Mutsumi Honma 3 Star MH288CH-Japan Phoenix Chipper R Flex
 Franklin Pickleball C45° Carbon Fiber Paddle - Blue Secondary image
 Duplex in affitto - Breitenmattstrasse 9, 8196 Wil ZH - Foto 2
* * * * * * * * *
An exact repeat of the whole listing above is needed; write it out now.

Mutsumi Honma 3 Star MH288CH-Japan Phoenix Chipper R Flex
 Franklin Pickleball C45° Carbon Fiber Paddle - Blue Secondary image
 Duplex in affitto - Breitenmattstrasse 9, 8196 Wil ZH - Foto 2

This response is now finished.